Thursday trading session was positive for the EURO, driven by the factors above together with economic reports beating expectations: German unemployment change (-18K vs -10K), Eurozone unemployment rate (8.8% vs 8.9%) and EU Consumer Price Index (+1.5% vs +1.4%). the last one is monitored by ECB very closely and if it will be able to pick up the momentum, we could see the regulator acting to tighten the monetary policy much more earlier than they predicted at the last meeting. EURUSD is back above 1.19, with further upside potential. Technically, hourly chart below has a flag continuation pattern, while fast RSI oscillator is far from overbought levels, leaving the space for northwards run. My buy-dips strategy for the week, posted below, works well so far.
   


USDJPY as the risk-appetite indicator, has the same fundamental supportive factors described above. Technically, there are two strong signals on H4 Ichimoku indicator below. First, the span is crossed and turned bullish. Second, the price managed to get out above the cloud. All the lines are in bullish mode as well, so I expect the pair to reach the range of two previous local highs between 113.19 and 113.85 today. A sustainable close of the week in this range could cause further upside surge next week. I guess, there is no need to remind you about attractiveness of EURJPY longs as the result of both EURUSD and USDJPY being bullish.

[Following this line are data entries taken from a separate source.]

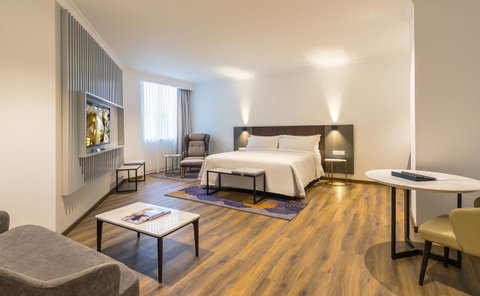 The Grace Hotel - Accommodation Coffs Harbour 5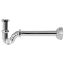 Immagine di SIFONE S BIDET Ø 1 1/4" CANOTTO CM 25 GHIDINI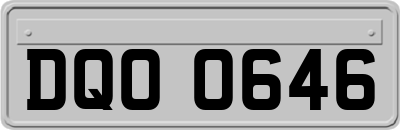 DQO0646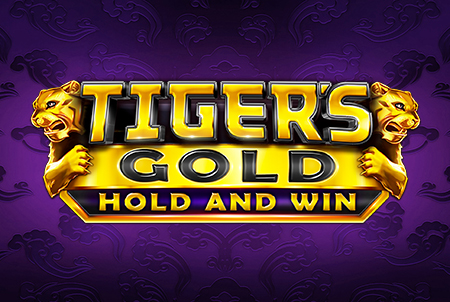 Tiger's Gold Tiger's Gold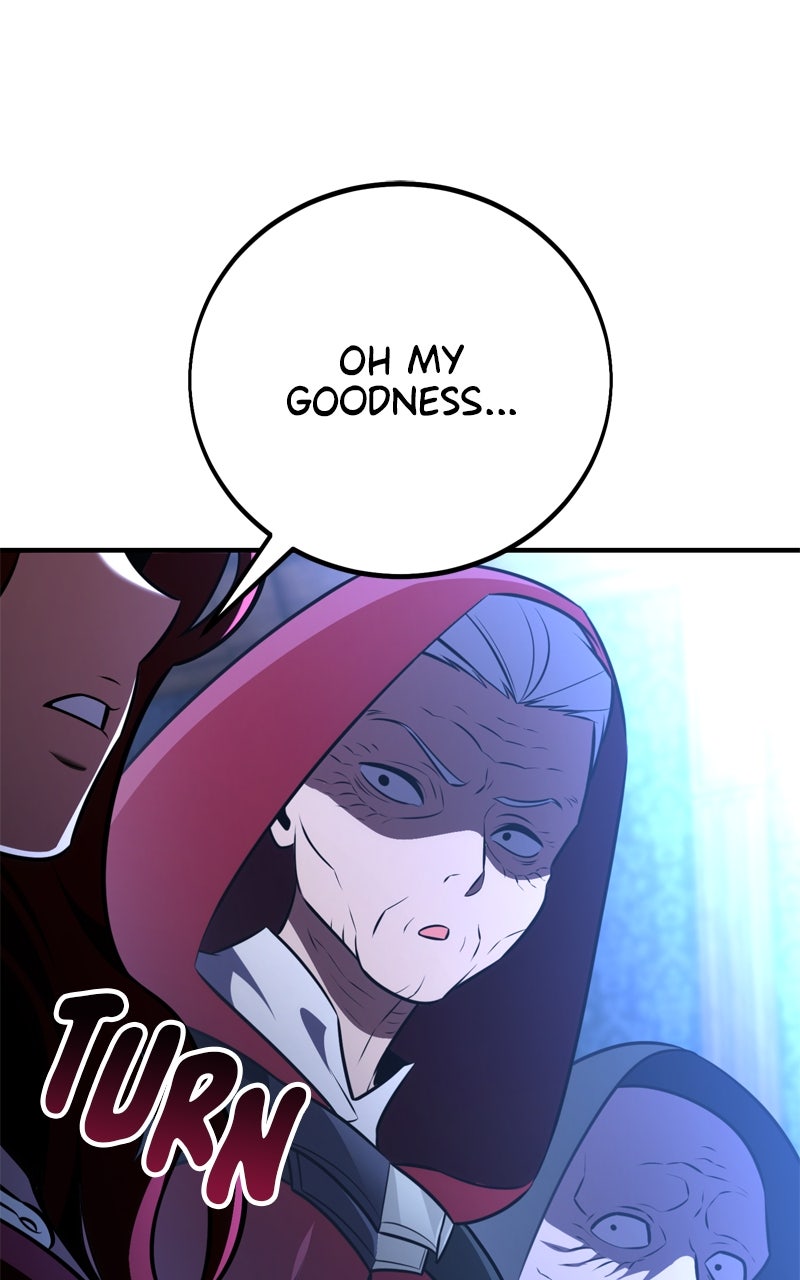 Read I Killed the Main Player Manga Online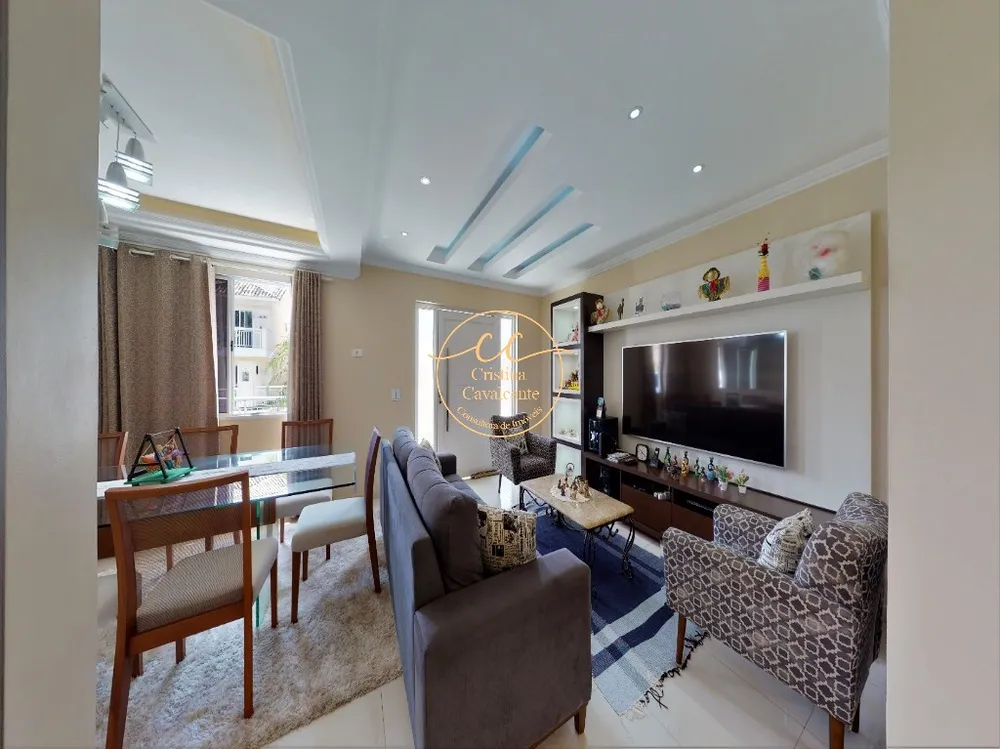 Casa, 4 quartos, 129 m² - Foto 25
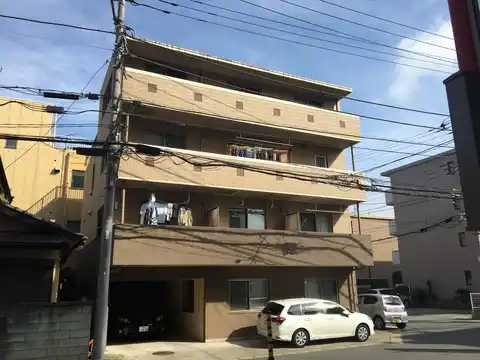 キムラビル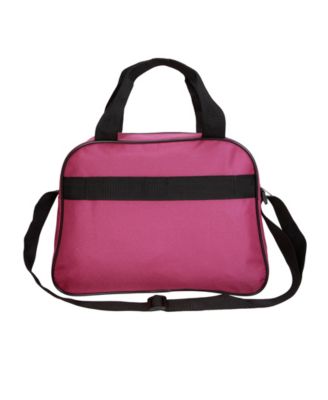 Freehold 5-Piece Softside Spinner Luggage Set, Created for Macy's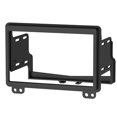 thumbnail image 5 of Metra 95-5028 Aftermarket Double DIN Radio Installation Kit for Ford Expedition/Lincoln Navigator 2003-2006 with OE Nav (Black), 5 of 5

Sterling was among the leaders on Thursday. Fundamentally, there are rumors about EU and UK politicians seeing the light at the end of the Brexit tunnel. Some people would say that the GBPUSD run of 400 pips in last three weeks is a huge achievement. I’m not impressed, to be honest, cause I remember times when cable used to move 200 pips per day. Anyway, British Manufacturing PMI is in focus on Friday’s calendar and positive reading could give a lift for the pound to continue the run. From the technical point of view, I would stay away from buying GBPUSD on local top of the market. First reason is that daily RSI is in overbought territory. Secondly, the cable could have a double top (lower highs) formation in case if the price will not be able to close above previous high at 1.3593. Some would say that Bollinger Bands indicator points to higher prices by closing above the range. I would answer them that it loves false breaks and signals, look at the previous one on September the 15th.
 


I would consider aggressive longs of GBPJPY though. But not on top of the market of course. This pair is volatile, so there will be a pullback before continuation of the uptrend. Ichimoku cloud indicator shows me an attractive range of 151.21/61 to jump in. Small accounts should be cautious about trading this pair due to high volatility and cut potential losses 20-30 pips below 151.00. Those who can allow themselves to stay underwater for some time, should watch the range 149.71/150.20 to add longs. Targets? I do not see any significant resistance before 155.60, so it’s more than 400 pips to go north.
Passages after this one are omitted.